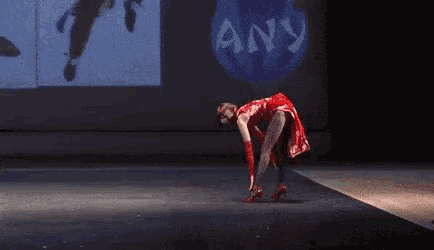 a woman in a red dress and red gloves is dancing on a runway .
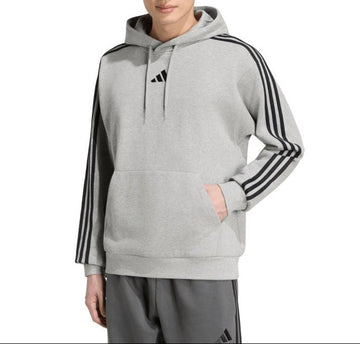 A man wearing a light gray Adidas hoodie with black three-stripes on the sleeves and a black logo on the chest, paired with gray track pants, against a plain white background.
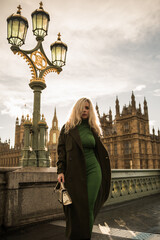 London woman on Westminster Bridge by Big Ben, England. Beautiful tourist girl sightseeing travel...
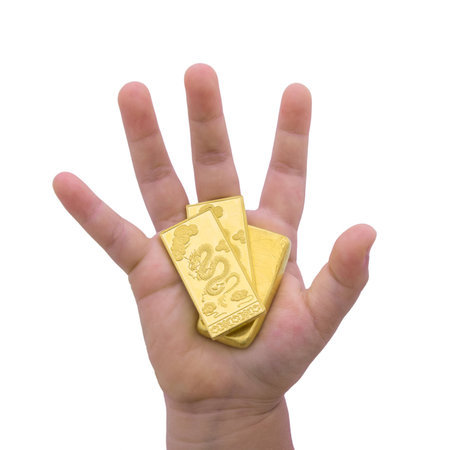 Gold dragon in my handの写真素材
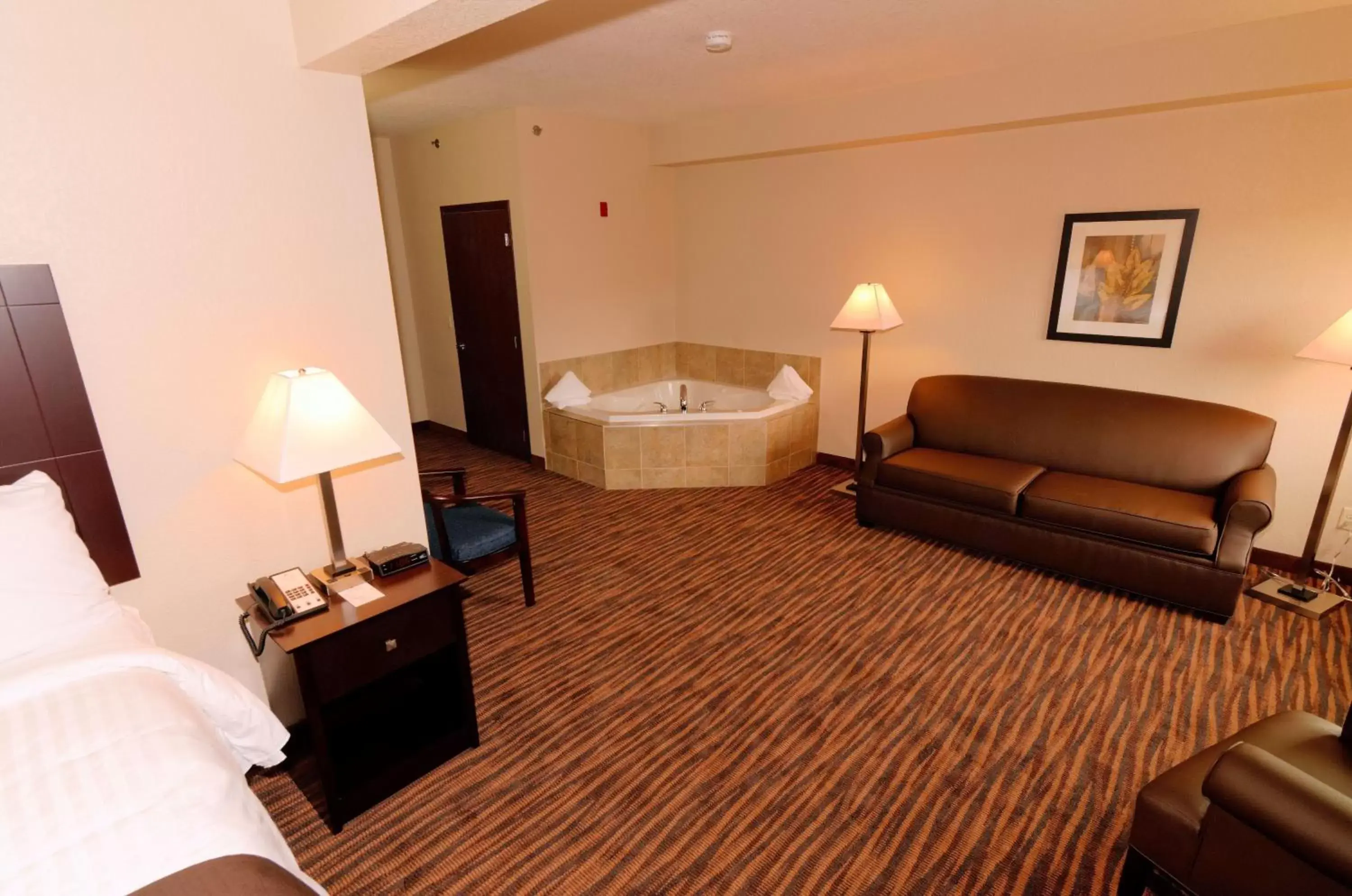 Photo of the whole room, Seating Area in Cobblestone Inn & Suites - Denison | Oak Ridge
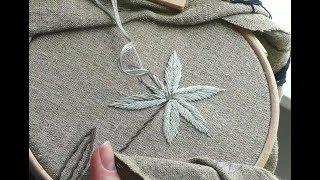 Gray flowers on pure linen fabric. Embroidery for beginners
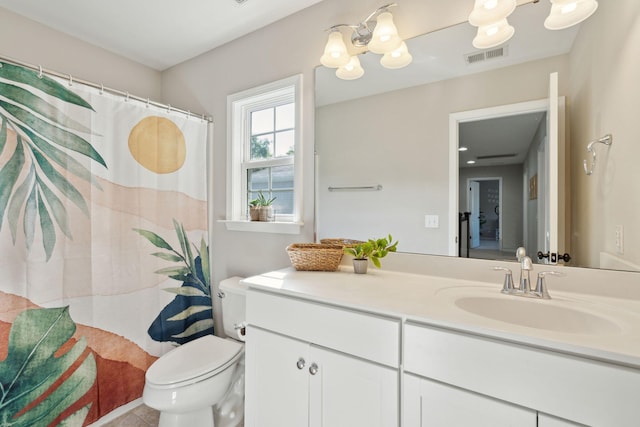 1606 Stovall Ct, Johns Island, SC 29455 - bathroom featuring curtained shower, visible vents, toilet, and vanity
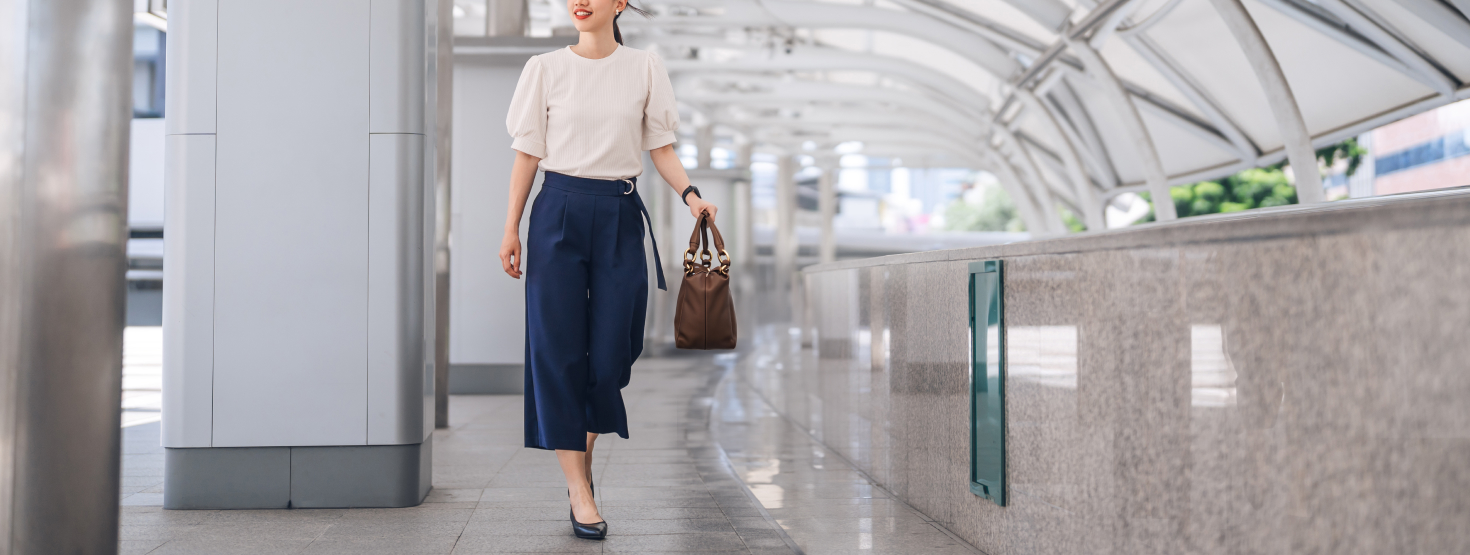Woman walking through airport holding brown purse.
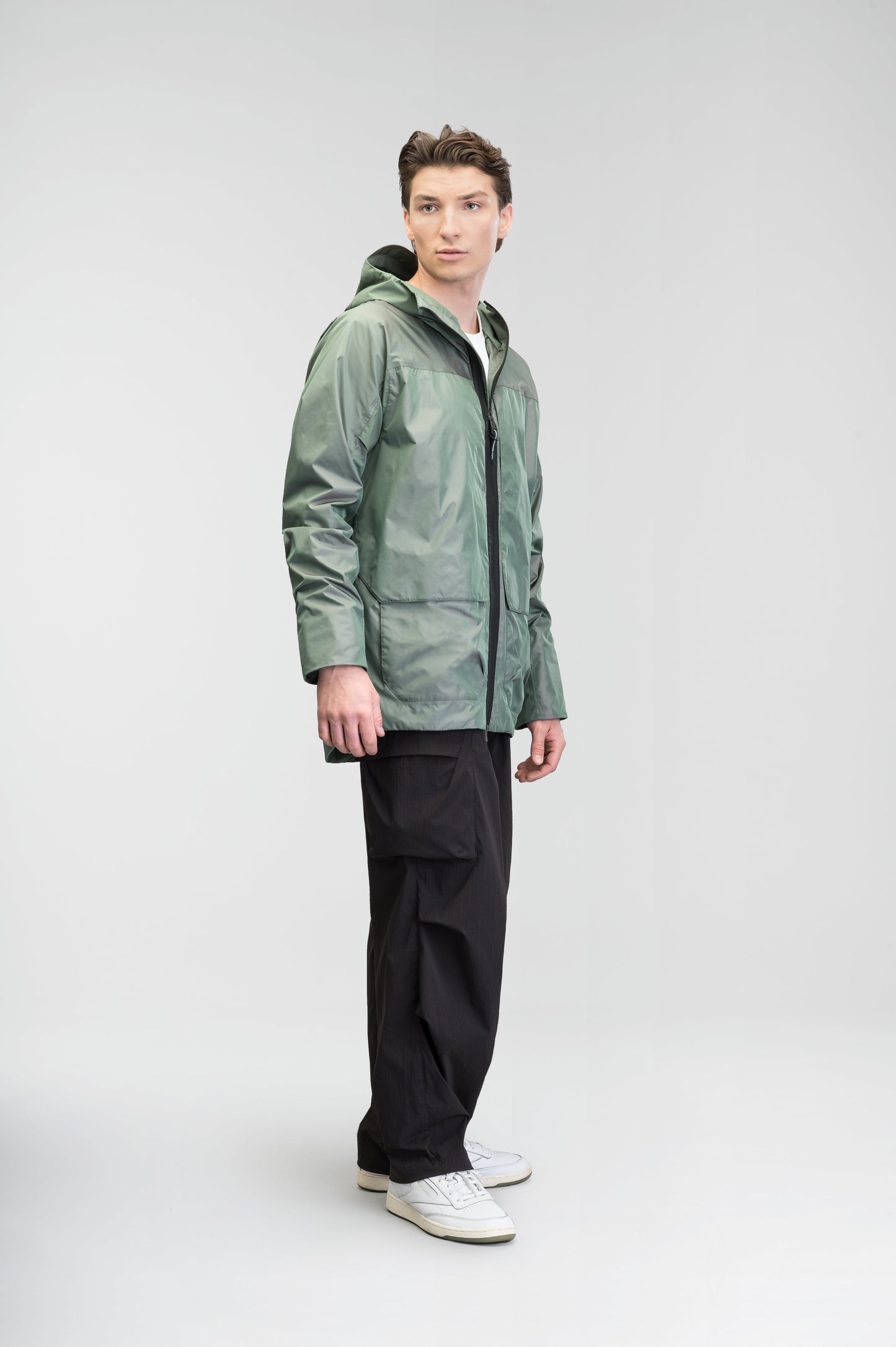 Mission Men's Performance Rain Shell Jacket in hip length, non-removable hood with adjustable toggle, two-way waterproof zipper, flap closure waist pockets with additional side entry storage, zipper ventilation on back, passive underarm ventilation, and breathable mesh lining, in Duck Green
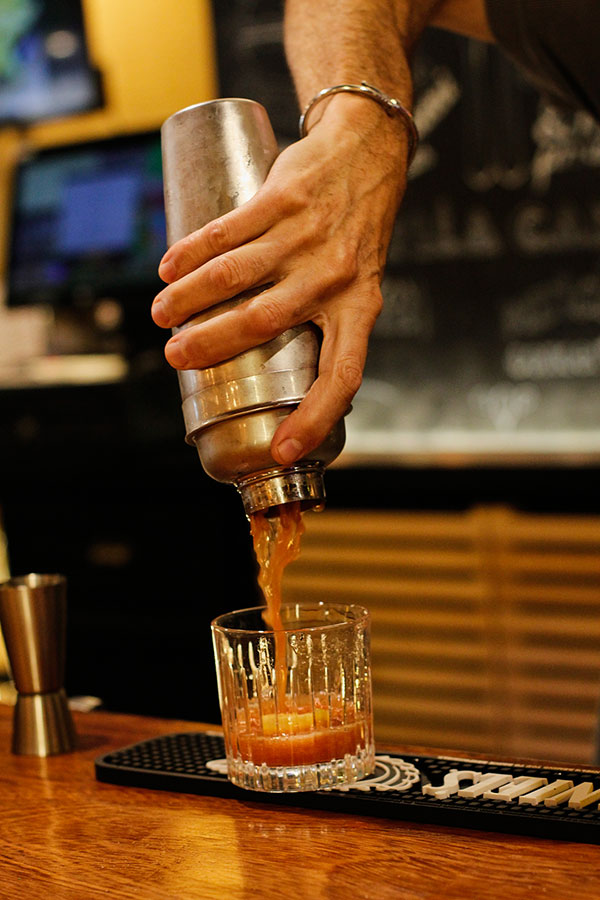Coctelera sirviendo vermut en vaso
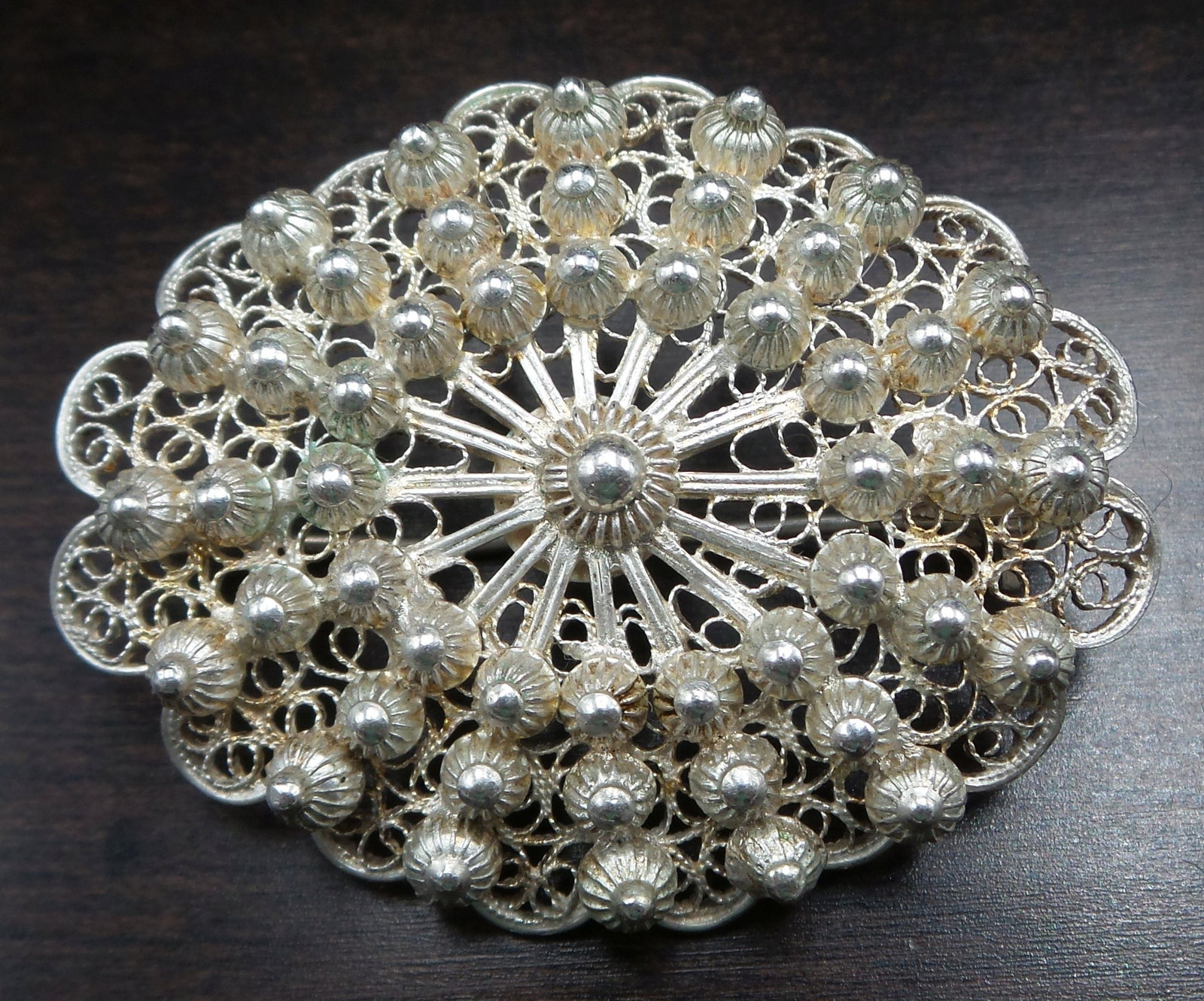 Vintage Italian 800 Silver Filigree Flower Designer Brooch: This handmade piece was crafted around the 1940s in Italy. It is oval, features different filigree techniques, and measures approx. 1 5/8" long x 1 1/4" wide. Its weight is ca. 8.8 grams. Very good vi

● The task
Print every entry word for word; omit the pictures.

● Output for this exercise
 a woman in a red dress and red gloves is dancing on a runway .
 A man wearing a light gray Adidas hoodie with black three-stripes on the sleeves and a black logo on the chest, paired with gray track pants, against a plain white background.
 London woman on Westminster Bridge by Big Ben, England. Beautiful tourist girl sightseeing travel...
 Gold dragon in my handの写真素材
 Photo of the whole room, Seating Area in Cobblestone Inn & Suites - Denison | Oak Ridge
 Gray flowers on pure linen fabric. Embroidery for beginners
 1606 Stovall Ct, Johns Island, SC 29455 - bathroom featuring curtained shower, visible vents, toilet, and vanity
Woman walking through airport holding brown purse.
 Mission Men's Performance Rain Shell Jacket in hip length, non-removable hood with adjustable toggle, two-way waterproof zipper, flap closure waist pockets with additional side entry storage, zipper ventilation on back, passive underarm ventilation, and breathable mesh lining, in Duck Green
Coctelera sirviendo vermut en vaso
 Vintage Italian 800 Silver Filigree Flower Designer Brooch: This handmade piece was crafted around the 1940s in Italy. It is oval, features different filigree techniques, and measures approx. 1 5/8" long x 1 1/4" wide. Its weight is ca. 8.8 grams. Very good vi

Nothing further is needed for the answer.